The International Monetary Conference opened in Paris on 10 August 1878. The conference was called at the request of the United States, which wanted to push for an international bimetallic monetary system. It utterly failed to live up to expectations. On 23 July 1878 the New York Times had printed an editorial with the heading, “Promoting the Federation of the World,” suggesting that the conference would lead to the establishment of an international gold metric coinage unit and the new coinage unit would inculcate “true notions of the nature and purposes of money.” The idea of an international coinage unit lingered in the background of the conference, partly as a pretext for some countries to attend the conference, but it never surfaced as a goal to be reached.
The seeds for the conference were sown with the passage of the Bland-Allison Act in the United States. This act began in Congress as a free silver act, but passed Congress, over a presidential veto, as an act requiring the Treasury to coin silver up to a fixed amount and asking the government to call an international conference to negotiate a world bimetallic standard. A world bimetallic standard would fix worldwide an official ratio of gold to silver. The United States hoped that if all governments set the same official ratio of gold to silver, the official world ratio would dominate the free market ratio, arresting the plunge of silver values in the free market.
The United States, possessing vast silver deposits, wanted to retain silver as a monetary metal, but the wealthier nations were rapidly shifting to a gold standard. England practiced “imperial bimetallism,” maintaining herself on a gold standard, and India on a silver standard. Germany was selling off silver reserves after the adoption of the gold standard in 1871 and refused to attend the conference. The Latin Monetary Union countries, the largest being France, had ceased the coinage of silver because of its plunging value and were not favorably disposed toward resuscitating silver.

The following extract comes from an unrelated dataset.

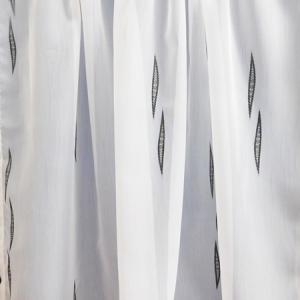 Ecrü organza kész függöny fehér mart mintával Tessa 130x90cm
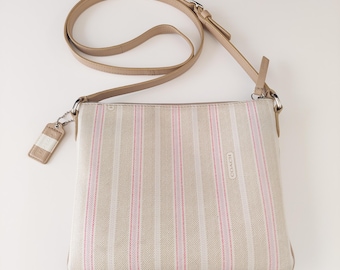 Vintage Coach Legacy Weekend Ticking Stripe Crossbody Bag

The representatives of the United States, isolated from the outset of the conference, found no crack in the diplomatic armor of the forces arrayed against a revival of bimetallism. A Dutch delegate suggested that the United States might look for monetary allies among the less-developed world (Latin America, Asia, etc.), hinting that the United States might belong with the less-developed countries itself and prompting a United States delegate to ask for a clarification. The European conference delegates offered to let the United States save face by turning the Conference into a series of sessions on coinage and bullion practices around the world, but the United States remained unswerving in its commitment to an international bimetallic standard.

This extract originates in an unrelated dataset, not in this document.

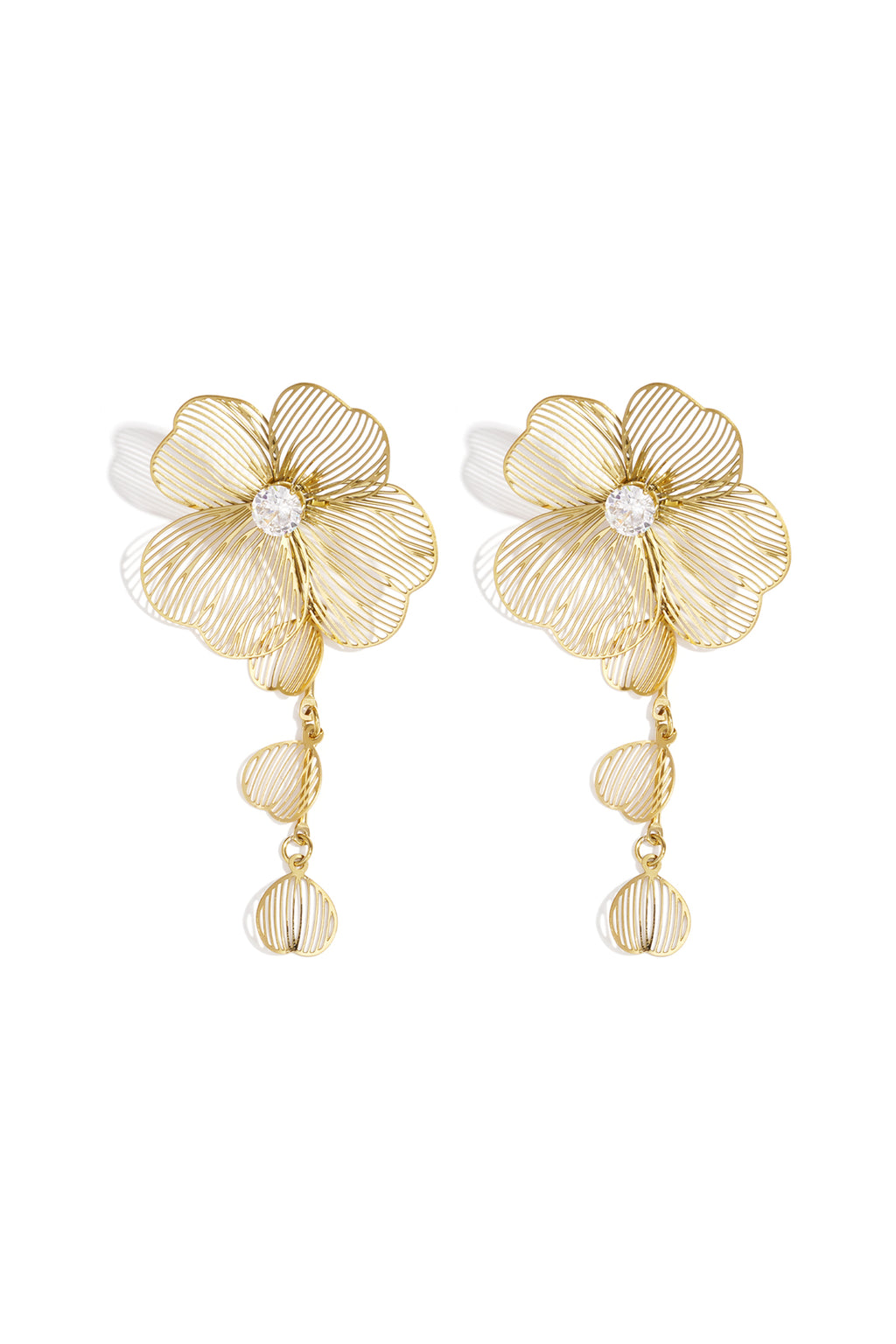 Boucles d'oreilles pendantes en acier inoxydable, style fleur, décontractées, simples, pour femmes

On 28 August 1878 the conference delegates recessed for 45 minutes to let the European delegates reach an agreement on an answer to the American proposal. The European delegates flatly turned down the American proposal, saying that each nation, governed by its special situation, should set its own monetary standard.
The Conference of 1878 dropped the curtain on bimetallism, and by 1880 the world was squarely on a gold standard. The United States, the staunchest supporter of silver among the monetary powers, stood against the adoption of a bimetallic standard unless it was part of an international agreement.

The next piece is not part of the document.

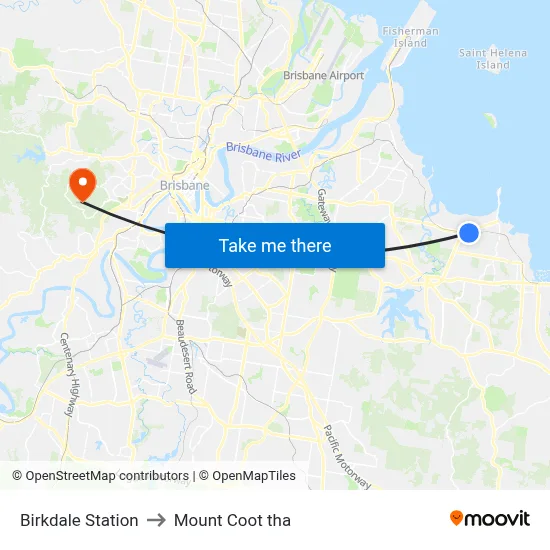 Birkdale Station to Mount Coot tha map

The idea of an international monetary unit surfaced in the late nineteenth century and it is an idea that may yet be realized. Adoption of an international monetary unit would encourage international trade by reducing the risk of changing exchange rates between currencies and facilitating cost comparisons between goods produced in different countries. Europe has already launched a European currency, the euro, to replace national currencies in Europe, and the growth of international trade may push the world toward the adoption of an international monetary unit. Presently, the United States dollar fulfills some of the roles of an international monetary unit.